Eddie Bernard

Eddie Bernard Image
Location of Interview
Collection Name

NOAA Heritage Oral History Project

Description

NOAA Heritage Oral History Project aims to document the history and legacy of NOAA through compelling interviews with its leaders. These firsthand accounts provide an invaluable resource that preserves NOAA's significant contributions to environmental research and management, fostering a deeper understanding of NOAA's vital role in shaping our understanding of the Earth's oceans and atmosphere.

Interviewer
Date of Interview
02-12-2020
Transcribers

Molly Graham

Principal Investigator
Audio
Biographical Sketch

Dr. Eddie Bernard was born in 1946 in Houston, Texas.  He attended Lamar University in Beaumont, Texas, where he met his wife Shirley and graduated in 1969 with a Bachelor of Science in Physics (with honors).  Eddie earned his Master of Science degree in Oceanography at Texas A&M University, where a professor offered Eddie a research position conducting tsunami research, thus creating “the accidental tsunami guy.”  After completing a Master of Science in Oceanography in a record-setting year, Eddie joined the NOAA Corps in October 1970 and remained with NOAA for 40 years until his retirement in 2011.  In 1976, Bernard graduated with his Ph.D. in Oceanography while working as a NOAA Corps Officer assigned to the Joint Tsunami Research Effort in Honolulu, Hawaii.

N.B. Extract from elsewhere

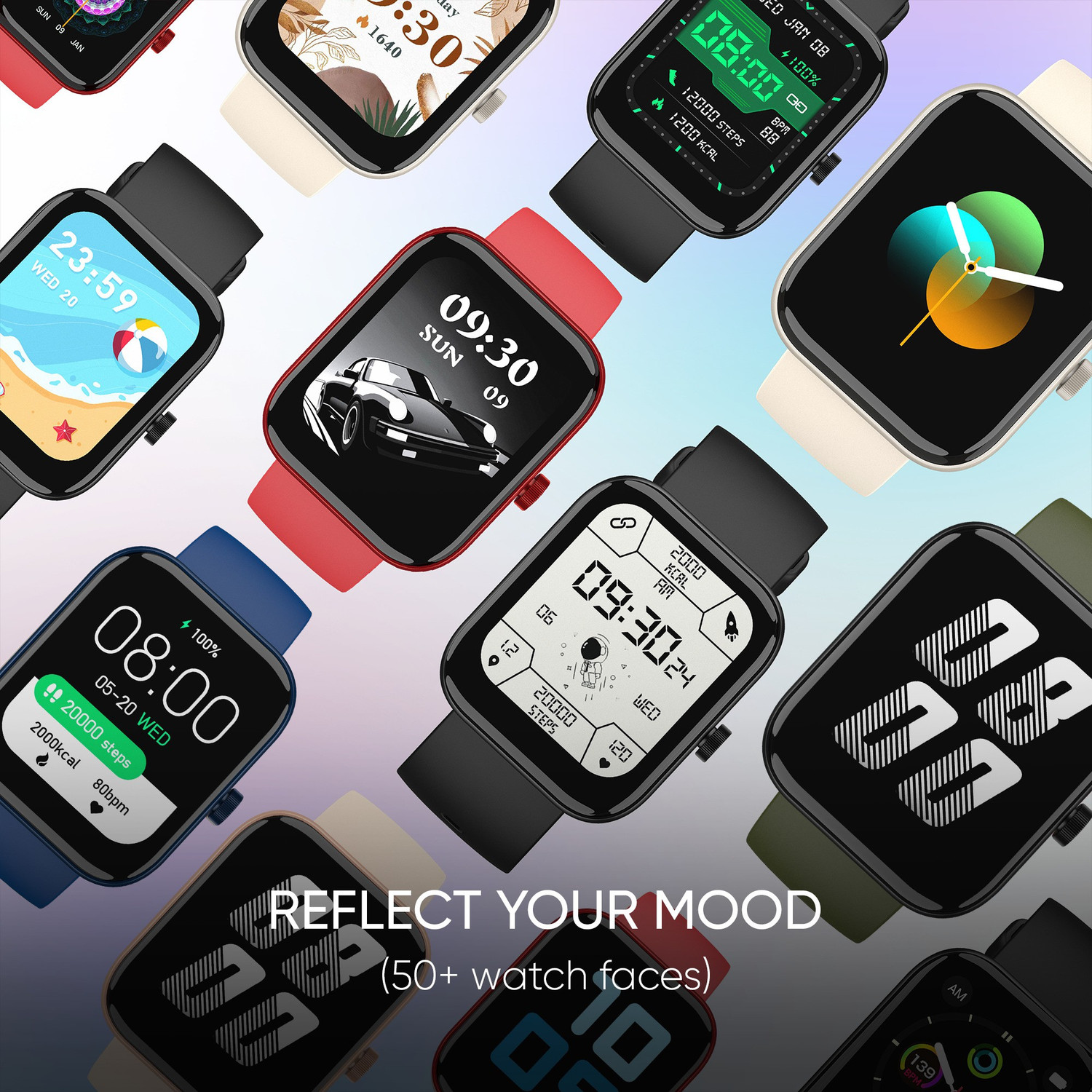 Image of Mivi Model E with 1.69 inch Display, 7-Day Battery Life , Spo2, Heart Rate Monitor. Smartwatch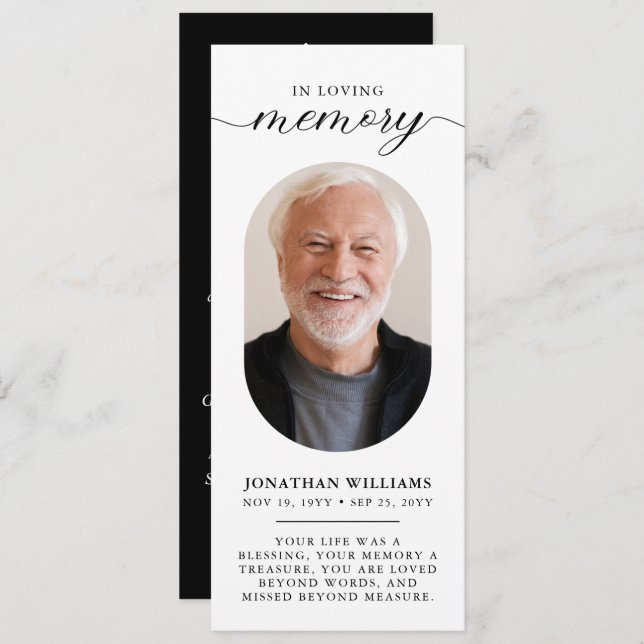 Memorial Photo Minimal Funeral Prayer Card (Front/Back)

During his 40-year NOAA career, he served as a NOAA Corps line officer aboard the NOAA Ship Researcher, completed a Ph.D. in Oceanography at Texas A&M University in 1976 and was appointed Director of the Pacific Tsunami Warning Center (PTWC) in Honolulu, Hawaii. After Eddie resigned from the Corps in 1980, he was selected as Director of NOAA’s Pacific Marine Environmental Laboratory (PMEL) in Seattle, Washington. He Directed PMEL for 30 years. His tour at PTWC led to his career-long passion for tsunami warning/research that culminated in the development of a deep ocean tsunami detection system (DART) that transmitted real-time tsunami data used by numerical models to forecast tsunami flooding. This research system became NOAA’s operational system in 2006. He helped write Public Law 109 - 424 - Tsunami Warning and Education Act, which was signed into law in 2006.